Park Service officials and the city submitted an application just before Thursday night’s deadline seeking $150 million from the Transportation Department to repair the corroded bridge.
“A joint applicant is essential to secure grant funding to repair this iconic bridge and critical transportation link between Virginia and DC used by 68,000 vehicles daily,” the Park Service said in a statement announcing that the application was submitted.
In a letter Tuesday, members of Congress representing the Washington region urged the Park Service to apply to the FASTLANE grant program to secure funds needed for the critical repairs.
As of Thursday afternoon, however, it wasn’t clear whether the District would provide the required local sponsorship of the application.
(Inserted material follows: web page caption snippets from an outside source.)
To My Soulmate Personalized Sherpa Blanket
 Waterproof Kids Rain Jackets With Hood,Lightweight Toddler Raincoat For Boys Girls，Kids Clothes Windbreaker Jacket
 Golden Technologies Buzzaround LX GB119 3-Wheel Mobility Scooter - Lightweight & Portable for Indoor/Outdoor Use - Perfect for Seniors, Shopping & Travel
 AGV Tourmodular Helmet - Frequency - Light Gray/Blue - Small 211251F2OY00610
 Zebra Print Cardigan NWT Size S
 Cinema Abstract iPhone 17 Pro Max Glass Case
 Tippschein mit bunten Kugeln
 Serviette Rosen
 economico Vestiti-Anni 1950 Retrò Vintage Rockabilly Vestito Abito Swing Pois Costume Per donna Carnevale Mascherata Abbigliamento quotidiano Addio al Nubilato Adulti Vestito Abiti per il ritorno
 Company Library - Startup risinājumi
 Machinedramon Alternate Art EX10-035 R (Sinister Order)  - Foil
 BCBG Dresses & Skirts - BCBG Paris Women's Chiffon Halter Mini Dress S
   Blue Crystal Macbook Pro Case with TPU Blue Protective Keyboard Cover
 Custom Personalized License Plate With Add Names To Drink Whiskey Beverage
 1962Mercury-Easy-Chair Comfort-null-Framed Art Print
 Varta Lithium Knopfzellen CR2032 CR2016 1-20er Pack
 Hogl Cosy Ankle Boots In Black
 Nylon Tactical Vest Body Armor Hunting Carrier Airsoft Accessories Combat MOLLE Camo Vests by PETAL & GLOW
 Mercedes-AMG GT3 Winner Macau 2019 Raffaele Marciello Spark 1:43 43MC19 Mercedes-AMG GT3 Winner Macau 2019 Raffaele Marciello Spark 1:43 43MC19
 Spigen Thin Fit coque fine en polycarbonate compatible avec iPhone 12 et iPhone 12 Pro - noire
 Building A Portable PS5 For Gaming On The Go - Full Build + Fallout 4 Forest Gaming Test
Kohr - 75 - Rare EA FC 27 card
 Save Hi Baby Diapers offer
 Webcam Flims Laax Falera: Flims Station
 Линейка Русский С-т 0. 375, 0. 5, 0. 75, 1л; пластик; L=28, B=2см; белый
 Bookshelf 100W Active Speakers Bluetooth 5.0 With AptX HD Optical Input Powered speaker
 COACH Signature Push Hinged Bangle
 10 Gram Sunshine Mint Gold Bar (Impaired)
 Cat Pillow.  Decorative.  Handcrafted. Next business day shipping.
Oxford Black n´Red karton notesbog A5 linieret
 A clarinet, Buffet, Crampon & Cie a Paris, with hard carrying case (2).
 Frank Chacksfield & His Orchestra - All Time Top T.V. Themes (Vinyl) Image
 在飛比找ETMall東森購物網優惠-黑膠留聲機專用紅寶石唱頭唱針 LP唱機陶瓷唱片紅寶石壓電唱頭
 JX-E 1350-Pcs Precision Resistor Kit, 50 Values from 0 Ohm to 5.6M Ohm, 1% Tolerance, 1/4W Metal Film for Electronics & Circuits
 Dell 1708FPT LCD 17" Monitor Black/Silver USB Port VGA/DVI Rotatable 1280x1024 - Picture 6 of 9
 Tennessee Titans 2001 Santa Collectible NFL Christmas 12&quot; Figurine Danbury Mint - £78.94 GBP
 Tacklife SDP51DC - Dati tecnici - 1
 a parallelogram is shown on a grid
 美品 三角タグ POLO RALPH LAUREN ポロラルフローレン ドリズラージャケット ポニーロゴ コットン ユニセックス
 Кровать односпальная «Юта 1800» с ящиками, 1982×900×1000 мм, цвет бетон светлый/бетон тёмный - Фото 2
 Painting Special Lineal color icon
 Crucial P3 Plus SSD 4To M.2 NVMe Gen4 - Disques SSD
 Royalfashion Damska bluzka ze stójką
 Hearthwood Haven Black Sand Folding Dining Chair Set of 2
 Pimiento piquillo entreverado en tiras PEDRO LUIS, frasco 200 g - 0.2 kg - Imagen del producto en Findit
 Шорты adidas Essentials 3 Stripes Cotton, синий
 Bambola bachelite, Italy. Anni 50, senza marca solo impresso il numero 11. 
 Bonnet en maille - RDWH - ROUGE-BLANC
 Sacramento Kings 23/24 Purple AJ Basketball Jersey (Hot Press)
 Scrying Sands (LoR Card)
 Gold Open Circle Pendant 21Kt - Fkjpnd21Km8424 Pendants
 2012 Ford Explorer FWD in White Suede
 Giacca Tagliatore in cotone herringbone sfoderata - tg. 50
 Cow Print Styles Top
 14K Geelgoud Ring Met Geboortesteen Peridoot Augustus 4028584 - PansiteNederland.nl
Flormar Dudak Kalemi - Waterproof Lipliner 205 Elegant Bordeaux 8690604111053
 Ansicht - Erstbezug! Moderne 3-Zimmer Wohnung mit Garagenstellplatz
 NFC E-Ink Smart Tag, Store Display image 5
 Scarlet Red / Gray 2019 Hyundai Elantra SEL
But Park Service officials worked behind the scenes to get the city on board and move the application forward.
D.C. officials had said Tuesday that the Park Service did not reach out to ask them to be a co-sponsor until last week and that given such short notice, and with many legal and other hurdles, they could not sponsor an application.
The Park Service has not said why it did not seek the local sponsorship early enough, risking missing the deadline. Spokesman Jeremy Barnum said the agency had just under a month to deliver the application.
“We knew it would be extremely difficult to secure a co-sponsor in the short time frame before the April 14 deadline,” he said, adding that the agency “quickly and in good faith worked to create a strong application and secure a co-sponsor.”
In the letter to Park Service Director Jonathan B. Jarvis, Sens. Mark R. Warner (D) and Timothy M. Kaine (D) of Virginia; Reps. Don Beyer (D) and Gerald E. Connolly (D) of Virginia; and Del. Eleanor Holmes Norton (D) of D.C. urged the agency to act to secure funds for the bridge rehabilitation, describing the span as “not only a national memorial, but a critical multimodal link in the national capital region’s transportation network.”
The bridge is structurally deficient and in poor condition. Recent inspections show decayed steel supports, corroded rivets, crumbling concrete and ancient, peeling paint.
The Park Service has been warning for years that the bridge is in desperate need of an overhaul that would cost about $250 million. The repairs contract has to be awarded in the next year or two to get the job done by 2021 to avoid a possible shutdown.
Closing the 84-year-old bridge would be devastating for the region.
It could cost local governments as much as $168,000 per day in transportation outlays alone, according to a report by the Metropolitan Washington Council of Governments. It also would send traffic from the bridge to others already packed at rush hour, creating worse gridlock in the critical entry points from Northern Virginia.
The Memorial Bridge, located in the District, carries pedestrian and vehicular traffic between the Lincoln Memorial and Arlington National Cemetery. The historic span has undergone $10 million in repairs since 2010, according to officials.